Gene Regulation of Rat Dentin Sialoprotein

大鼠牙本质唾液酸蛋白的基因调控

• 批准号: 6744045
• 负责人: HELENA H Ritchie
• 金额: $ 24.29万
• 依托单位: UNIVERSITY OF MICHIGAN AT ANN ARBOR
• 依托单位国家: 美国
• 财政年份: 1995
• 资助国家: 美国
• 起止时间: 1995-09-30 至 2007-06-30
• 项目状态: 已结题
• 来源: https://reporter.nih.gov/project-details/6744045
• 关键词: calcium; chemical binding; dentin; dentinogenesis; developmental genetics; gene induction /repression; genetic promoter element; hydroxyapatites; in situ hybridization; laboratory rat; odontoblasts; polymerase chain reaction; protein structure function; tissue /cell culture; transcription factor

DESCRIPTION (provided by applicant): During tooth development, odontoblasts modulate dentin formation by producing a predentin matrix into which additional NCPs are subsequently secreted to initiate the mineralization process so necessary for healthy tooth formation. Abnormalities in dentin mineralization due to genetic diseases such as dentinogenesis imperfecta II (DGI-II; affecting 1 in 7,000 newborns) leave these children few choices other than placement of crowns on the teeth or a complete denture. A nonsense mutation, located in the coding sequence for dentin sialoprotein (DSP) is likely responsible for blocking both DSP and phosphophoryn (PP) expression in these individuals because these two NCPs are located on a single DSP-PP transcript. Importantly, some DGI patients also experience tinnitus as well as balancing problems making it necessary to consider problems in DSP-PP transcript and protein expression as an important public health concern. This application proposes a series of studies to better define DSP-PP transcript expression and DSP/PP protein function in dentin mineralization. The specific aims of this proposal are 1) to test the hypothesis that odontoblast-specific factors acting on the DSP-PP gene promoter, regulate DSP-PP expression, 2) to test the hypothesis that multiple DSP-PP transcripts generate functionally distinct PP isoforms with distinct calcium binding capacity and hydroxyapatite forming ability which are required for orderly dentin mineralization, 3) to correlate DSP-PP transcript and DSP-only transcript expression patterns with dentin mineralization, and 4) to validate Aims 2 and 3 by examining mineral formation as a function of DSP and PP isoform expression in cell culture. These ongoing studies, which combine gene regulation and protein function approaches, will reveal underlying mechanisms of dentin mineralization and will later be applicable to reparative dentistry.
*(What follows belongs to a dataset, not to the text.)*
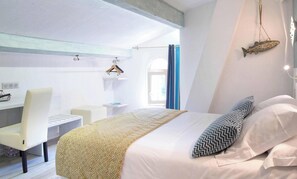 Een moderne slaapkamer met een bed, een bureau en een stoel.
描述(申请人提供)：在牙齿发育期间，成牙本质细胞通过产生牙本质前基质来调节牙本质的形成，随后额外的NCP被分泌到该基质中，以启动健康牙齿形成所必需的矿化过程。由于遗传性疾病，如牙本质发育不全II(DGI-II；影响每7,000名新生儿中就有1名)导致牙本质矿化异常，这些儿童除了在牙齿上放置牙冠或全口义齿外几乎没有其他选择。位于牙本质唾液蛋白(DSP)编码序列中的无义突变可能是阻止这些个体中DSP和PP表达的原因，因为这两个NCP位于单个DSP-PP转录本上。重要的是，一些DGI患者也会出现耳鸣和平衡问题，因此有必要将DSP-PP转录本和蛋白表达的问题作为一个重要的公共卫生问题来考虑。这一应用提出了一系列研究，以更好地确定DSP-PP转录本的表达和DSP/PP蛋白在牙本质矿化中的功能。该建议的具体目的是1)测试成牙本质细胞特异性因子作用于DSP-PP基因启动子的假设，调控DSP-PP基因的表达；2)测试多个DSP-PP转录本产生功能不同的PP亚型的假设，这些都是牙本质有序矿化所必需的；3)研究DSP-PP和仅DSP的转录本表达模式与牙本质矿化的关系；4)通过检测在细胞培养中DSP和PP异构体的表达对矿物质形成的影响来验证目标2和3。这些正在进行的研究结合了基因调控和蛋白质功能的方法，将揭示牙本质矿化的潜在机制，并将在以后适用于修复牙科。